Argomenti piuttosto nuovi quelli del prof. Giuseppe
Parlato su "La questione sociale e sindacale nella memorialistica
della RSI" e del prof. Brunello Mantelli su "I lavoratori italiani
nel Terzo Reich".
Partigiani e resistenza, comunque, durante il convegno
hanno avuto corsie preferenziali e non tanto da parte degli organizzatori
bensì della stragrande maggioranza dei relatori, consapevoli trattarsi
di temi - anche se triti e ritriti - che fan piacere a molti politici e
loro accoliti. Occhio di riguardo a partigiani e resistenti anche nelle
singole testimonianze, tanto vero che Teo Ducci (dirigente dell'AND cioè
l'Associazione Nazionale Deportati) ha potuto - unico tra tutti i presenti,
relatori compresi - prendere la parola per ben tre volte e la prima volta
addirittura con la richiesta provocatoria "Noi, vogliamo sapere perché
hanno scelto l'altra parte" dimenticando, evidentemente, che era stato
lui, a suo tempo, a fare una scelta, perché chi ha combattuto -
come chi scrive questa nota - non ha scelto ma al fronte è andato
su ordine del re Vittorio Emanuele III, che aveva firmato lui - e non Mussolini
- la dichiarazione di guerra e le guerre si fanno una alla volta. E Bruno
Betti contro l'arroganza di Ducci è insorto e Antonio Frassinelli
s'è dichiarato avvilito davanti a spettacoli del genere "perché
- ha detto - ognuno ha vissuto le sue sofferenze, ognuno ha pagato in proprio,
perciò tutti hanno diritto di raccontare la loro pena".

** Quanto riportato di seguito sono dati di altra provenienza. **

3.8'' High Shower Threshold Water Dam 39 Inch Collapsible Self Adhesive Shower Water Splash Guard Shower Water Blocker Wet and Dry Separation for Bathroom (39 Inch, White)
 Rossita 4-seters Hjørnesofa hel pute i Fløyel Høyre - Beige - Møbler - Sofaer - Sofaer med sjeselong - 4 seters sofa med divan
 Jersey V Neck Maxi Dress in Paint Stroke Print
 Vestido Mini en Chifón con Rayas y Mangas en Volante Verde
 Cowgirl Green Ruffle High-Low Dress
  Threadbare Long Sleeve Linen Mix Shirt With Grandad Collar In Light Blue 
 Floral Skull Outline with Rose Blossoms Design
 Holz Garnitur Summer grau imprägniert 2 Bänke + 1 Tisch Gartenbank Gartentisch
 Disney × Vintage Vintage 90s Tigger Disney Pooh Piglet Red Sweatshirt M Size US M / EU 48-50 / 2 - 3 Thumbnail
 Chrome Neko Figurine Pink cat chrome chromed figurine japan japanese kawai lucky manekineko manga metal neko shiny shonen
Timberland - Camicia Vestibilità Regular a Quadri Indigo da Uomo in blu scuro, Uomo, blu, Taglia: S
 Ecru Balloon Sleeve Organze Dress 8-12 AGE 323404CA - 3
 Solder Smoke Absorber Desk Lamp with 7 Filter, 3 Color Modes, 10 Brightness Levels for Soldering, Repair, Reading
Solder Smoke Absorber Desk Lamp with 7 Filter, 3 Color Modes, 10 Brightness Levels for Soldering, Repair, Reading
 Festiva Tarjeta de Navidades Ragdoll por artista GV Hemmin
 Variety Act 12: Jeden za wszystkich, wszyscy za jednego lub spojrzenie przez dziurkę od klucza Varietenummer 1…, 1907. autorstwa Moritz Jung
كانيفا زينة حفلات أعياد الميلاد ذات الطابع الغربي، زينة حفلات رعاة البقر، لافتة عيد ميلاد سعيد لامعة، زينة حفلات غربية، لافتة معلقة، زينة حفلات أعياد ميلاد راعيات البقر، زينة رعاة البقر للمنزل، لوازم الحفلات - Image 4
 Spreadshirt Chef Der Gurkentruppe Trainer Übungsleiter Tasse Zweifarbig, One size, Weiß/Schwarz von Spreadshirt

Purtroppo qualche volta chiamiamola ambigua ineleganza
è stata rilevata, a cominciare dal prof. Sarfatti, che in sede di
"tavola rotonda" finale ha parlato di lacuna del Convegno perché
lo stesso non aveva previsto una relazione sugli ... zingari nel periodo
della RSI. II dott. Ferrante a sua volta ha accusato un'assenza internazionale
di memoria giuridica relativamente al periodo 1943-1945, ha detto che qualcosa
vive soltanto in Italia (negli altri Paesi molto più intelligentemente
si è cercata la pace nazionale e non, come invece si fa da noi,
alimentando di continuo rancori e divisioni con un fine non dichiarato
ma evidente a chiunque abbia un po' di sale in zucca, n.d.r.). II solito
Ducci ha voluto finire in ... bellezza (ne aveva il diritto, che gentiluomo!,
poiché figurava nel Comitato scientifico del Convegno) riconoscendo
che tutti hanno sì diritto di raccontare le loro memorie, ma sarà
poi lo storico a fare le opportune valutazioni, "però - ha
concluso - sia ben chiaro che esiste uno spartiacque tra noi e loro (e
questo - dopo oltre mezzo secolo - in barba all' unità nazionale,
aggiungiamo noi).
Ma la prof. Anna Luisa Carlotti (vera anima del
Convegno, che per svolgere bene tutti i temi avrebbe avuto bisogno di più
tempo e al quale ha fornito un non trascurabile aiuto il prof. Massimo
Ferrari) ha concluso i lavori con un'elegante intelligente considerazione
"non c'è subordinazione tra storia e memoria, non esistono
fonti di serie A o di serie B, lo storico utilizza tutte le fonti che può
avere a disposizione senza lasciarsi influenzare da motivi esterni"
e personalmente ci ha fatto ancor più piacere la sua precisa dichiarazione
"questo Convegno è stato, ha voluto essere un punto di partenza".
Grazie, prof. Carlotti, e buon lavoro!